*WHAT THE EXERCISE ASKS:* Find the line that contains "earth music&ecology ロングシャギーハイネックプルオーバー Gray" in the entries below. Restate it and every line after it, word for word, with no pictures.

Short descriptive text snippets:
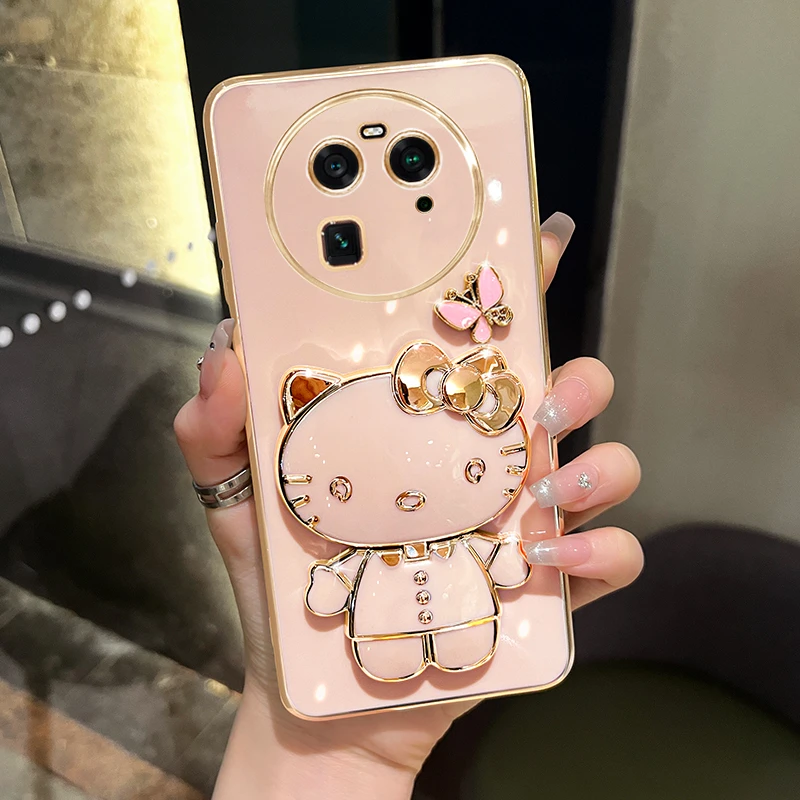适用oppofindx6/x6pro手机壳蝴蝶可爱猫咪补妆镜支架防摔保护套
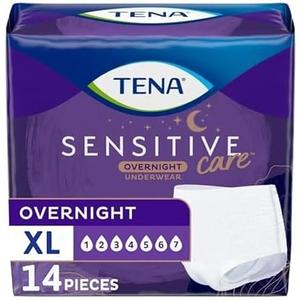 TENA Sensitive Care Overnight Incontinence Underwear Women, XL 39-52in 14ct | Designed to maximum absorbency. This underwear is 100% breathable which helps maintain your skin's natural moisture balance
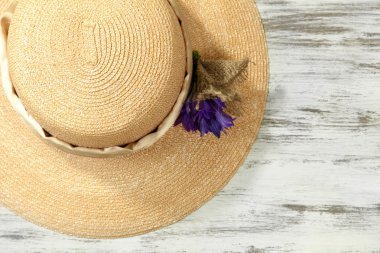 ahşap arka plan güzel yaz şapka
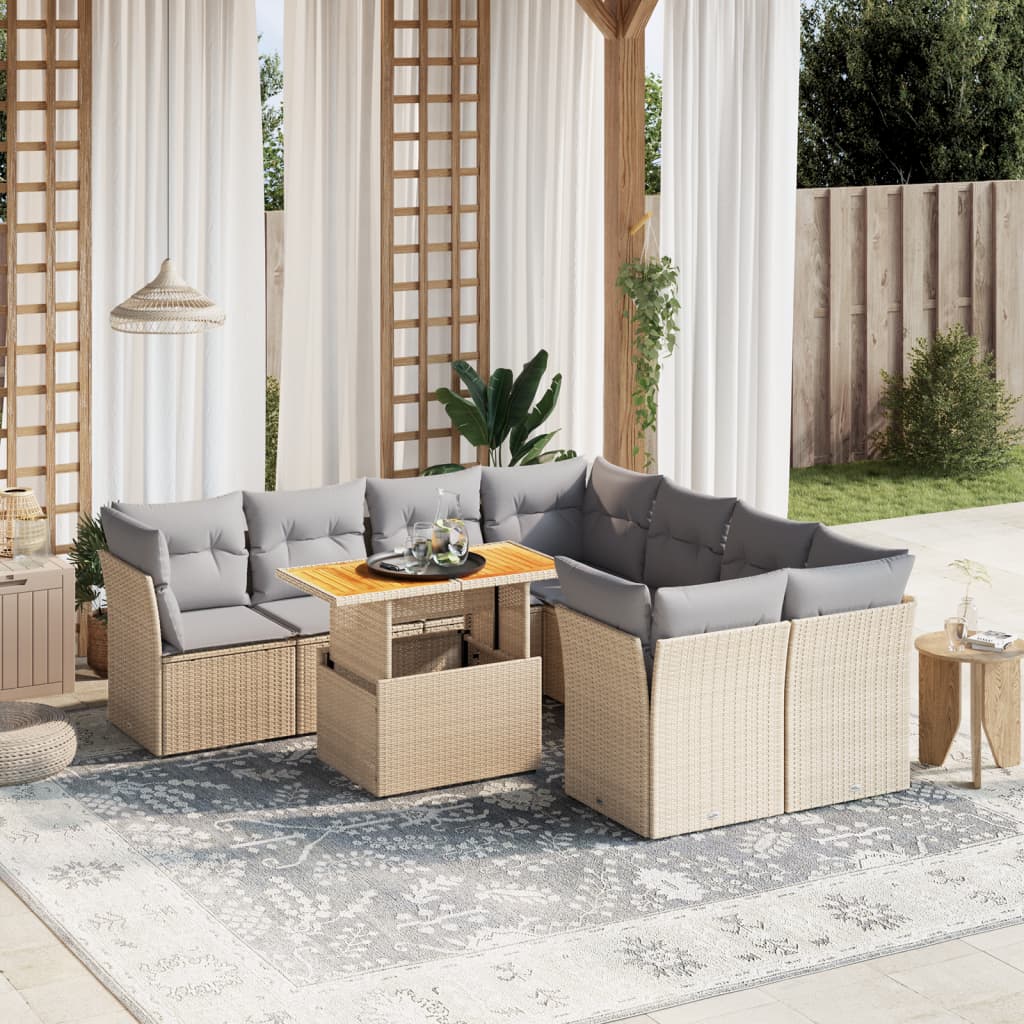 vidaXL 9-tlg. Garten-Sofagarnitur mit Kissen Beige Poly Rattan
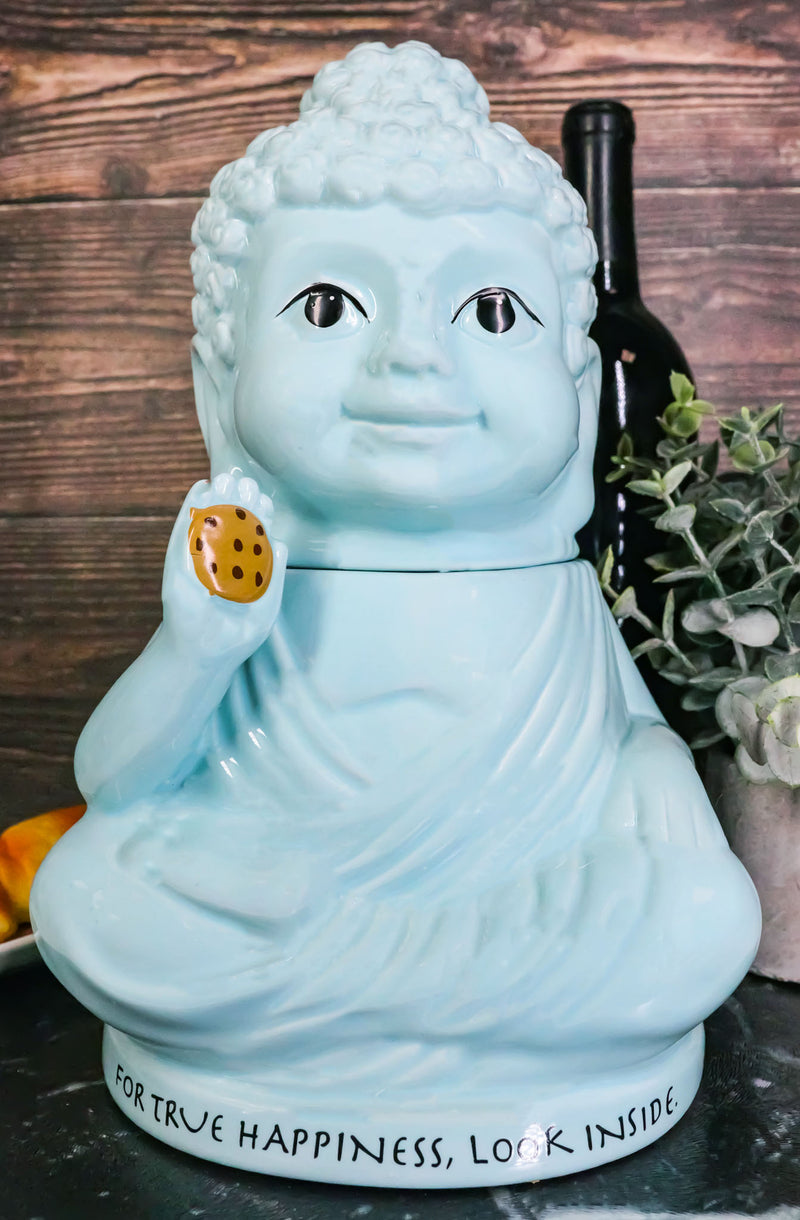 Ebros "True Happiness" Enlightenment Medicine Buddha Ceramic Cookie Jar 10.75"H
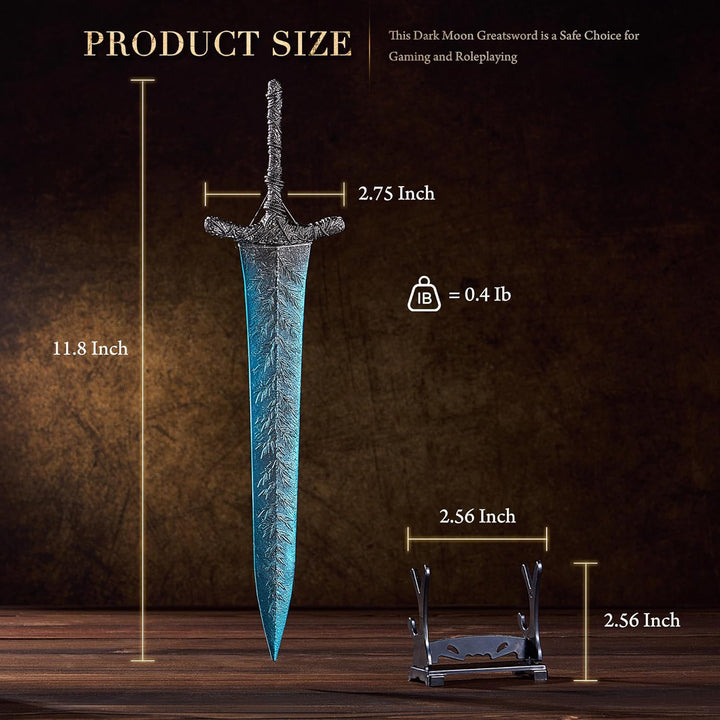 Elden Ring Dark Moon Greatsword Straight Knight'S Sword Model 11.8-Inch Metal Craft Sword with Display Stand Action Figure Collectible Toy Desk Decor Party Supply Gift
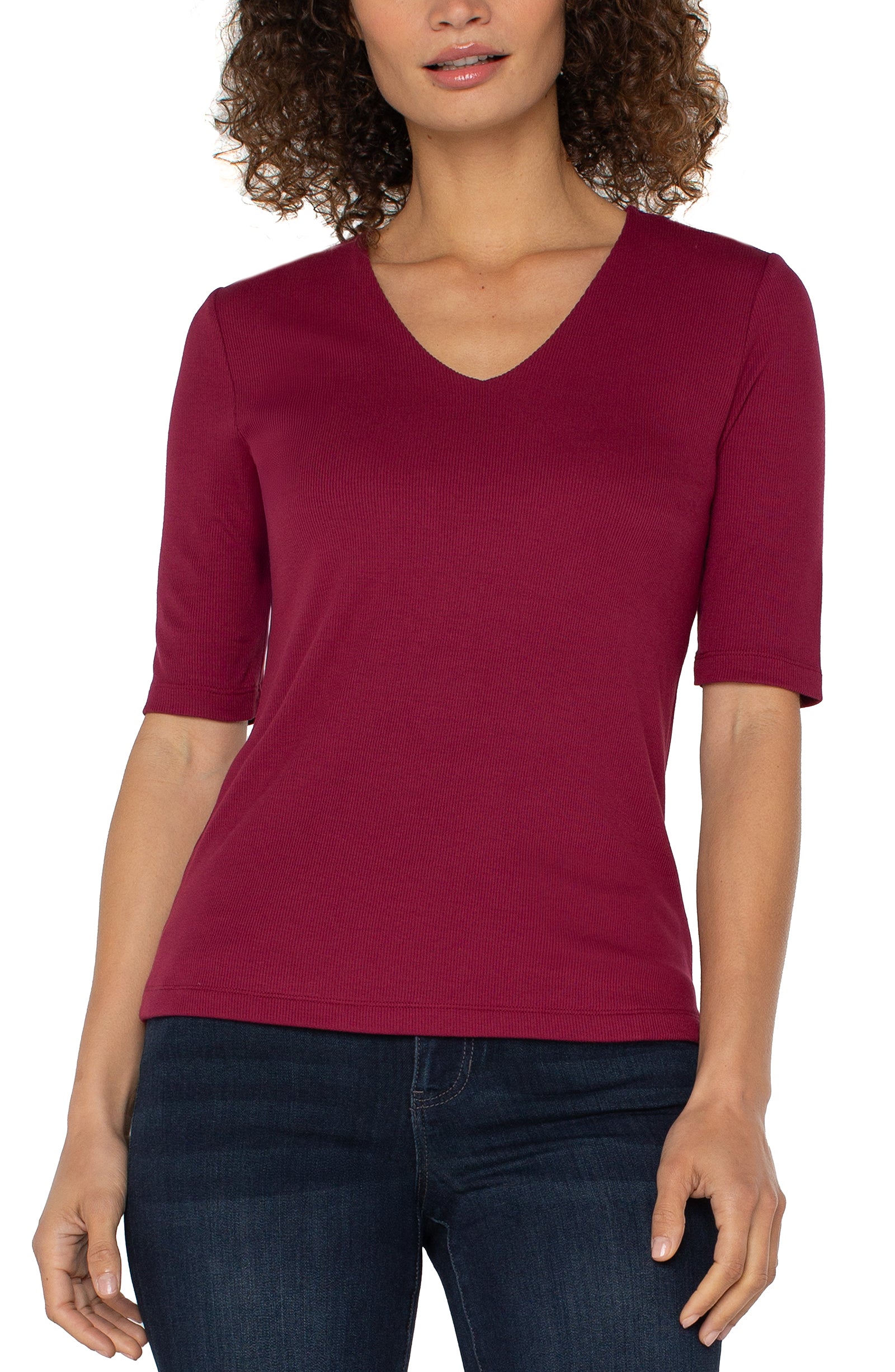 V-Neck Double Layer Front Knit Top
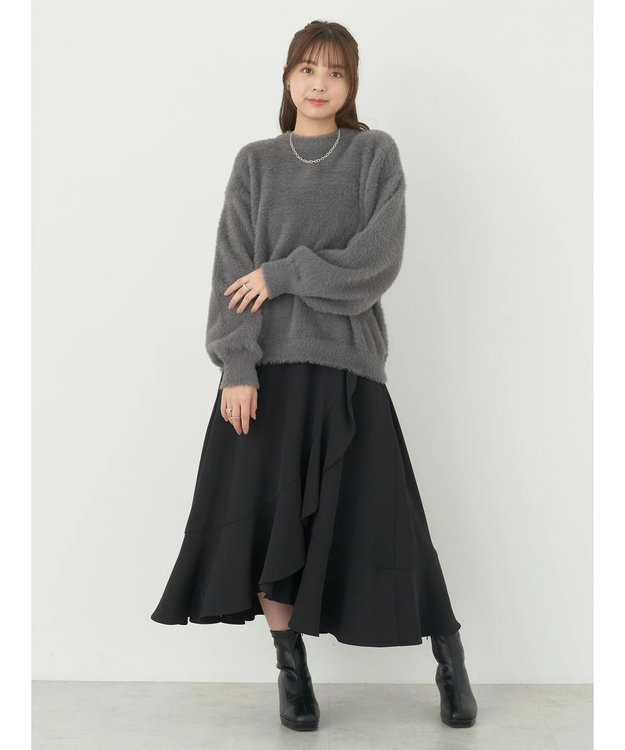 earth music&ecology ロングシャギーハイネックプルオーバー Gray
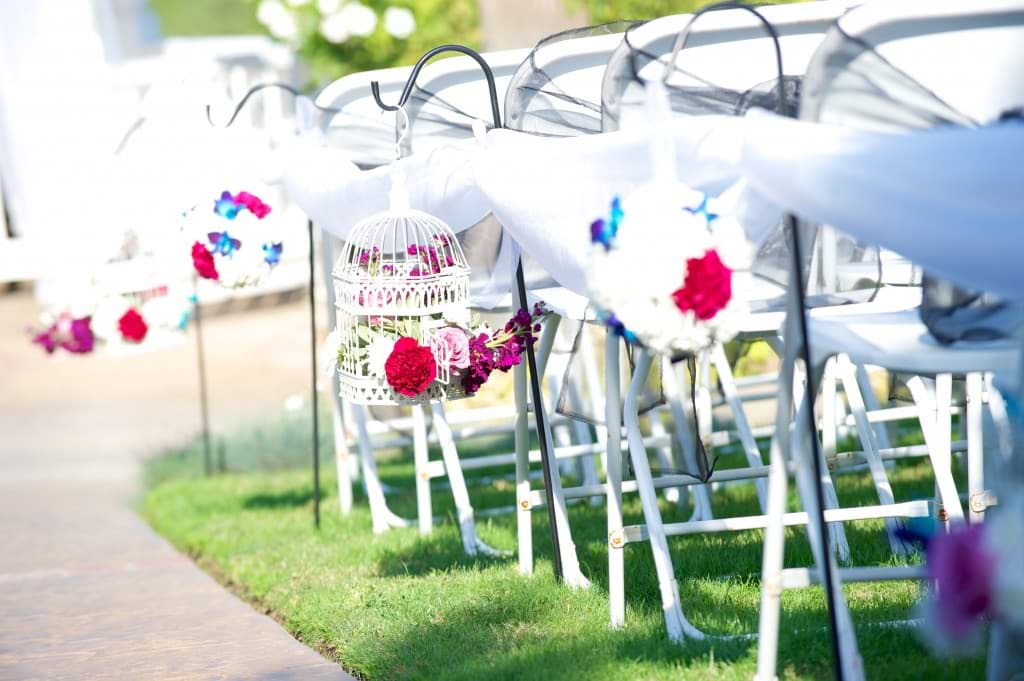 colorful wedding aisle at Wedgewood Weddings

*RESPONSE FOR THIS EXERCISE:*
 earth music&ecology ロングシャギーハイネックプルオーバー Gray
 colorful wedding aisle at Wedgewood Weddings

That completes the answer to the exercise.